Huawei plans to squeeze more performance from its 7nm Kirin chips-not by moving to a newer fabrication process, but by adopting advanced 3D packaging. According to Chinese sources, the next Kirin lineup will use 3D stacking and hybrid bonding technology, where multiple chip dies are layered vertically and connected through a dense grid of vertical interconnects. For smartphones, this is one of the few practical ways to improve speed and energy efficiency when newer lithography nodes remain out of reach.

Traditionally, key chip components like the CPU, GPU, NPU, and memory are placed side-by-side on a single plane. With 3D stacking, these blocks are arranged in layers on top of each other. This setup shortens data travel distances, reduces latency, cuts power consumption, and boosts bandwidth. The benefits are especially clear in workloads demanding rapid data exchange between compute units-like AI inference and photo or video processing.

For Huawei, this approach is less an experimental leap and more a workaround. US sanctions have restricted the company and its foundry partner SMIC from accessing EUV lithography tools, stalling any push toward 5nm or smaller nodes.
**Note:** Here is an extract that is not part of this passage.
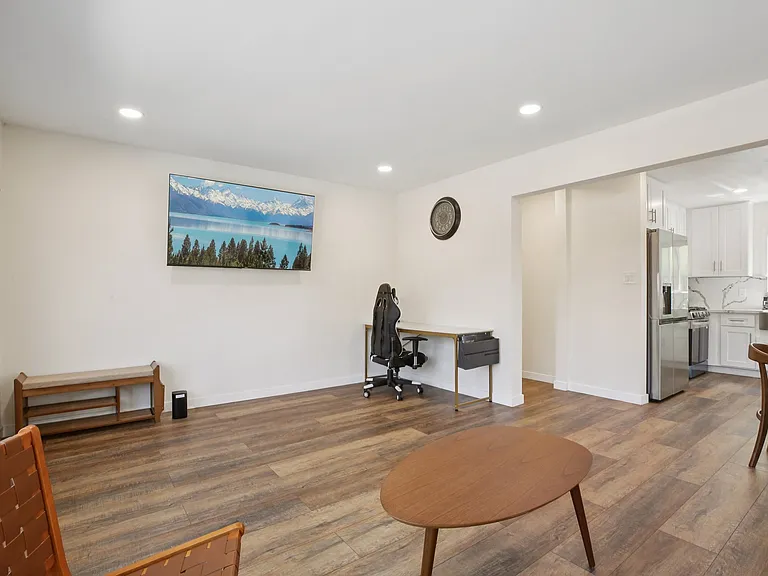 540 W Avenue 28 — Photo 23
Instead, Huawei is fine-tuning the existing 7nm process through architectural tweaks, packaging innovations, and power optimizations. The comeback of the 7nm Kirin 9000s in the Mate 60 Pro last year already demonstrated this strategy.

Huawei isn’t alone in betting on advanced packaging. Industry leaders like TSMC have been developing similar 3D solutions-CoWoS and SoIC-for years. Intel’s Foveros technology and AMD’s multi-die designs in EPYC CPUs and Instinct accelerators follow the same concept. Market analyst Yole Group estimates the advanced packaging market will grow at double-digit rates, exceeding $80 billion by 2030. The reasoning is straightforward: transistor scaling is getting prohibitively expensive, so assembling chips from multiple specialized dies often saves time and money.

Rumors suggest Huawei’s mobile rivals are exploring similar technology. Samsung is reportedly experimenting with more aggressive separation of compute blocks and memory in future Exynos chips, while Apple is believed to be developing even more complex multi-die packaging for upcoming mobile SoCs. The key difference: for Apple and Samsung, this tech mostly adds performance headroom; for Huawei, it’s a chance to narrow the gap created by manufacturing restrictions.

The real challenge is how far Huawei can push this. 3D packaging complicates heat dissipation, demands precise interconnects, and generally increases costs. If Huawei manages to launch mass-produced smartphone SoCs with 3D stacked dies by 2026, it will be one of the clearest examples of the industry seeking performance gains not through smaller process nodes, but through layered chip assembly.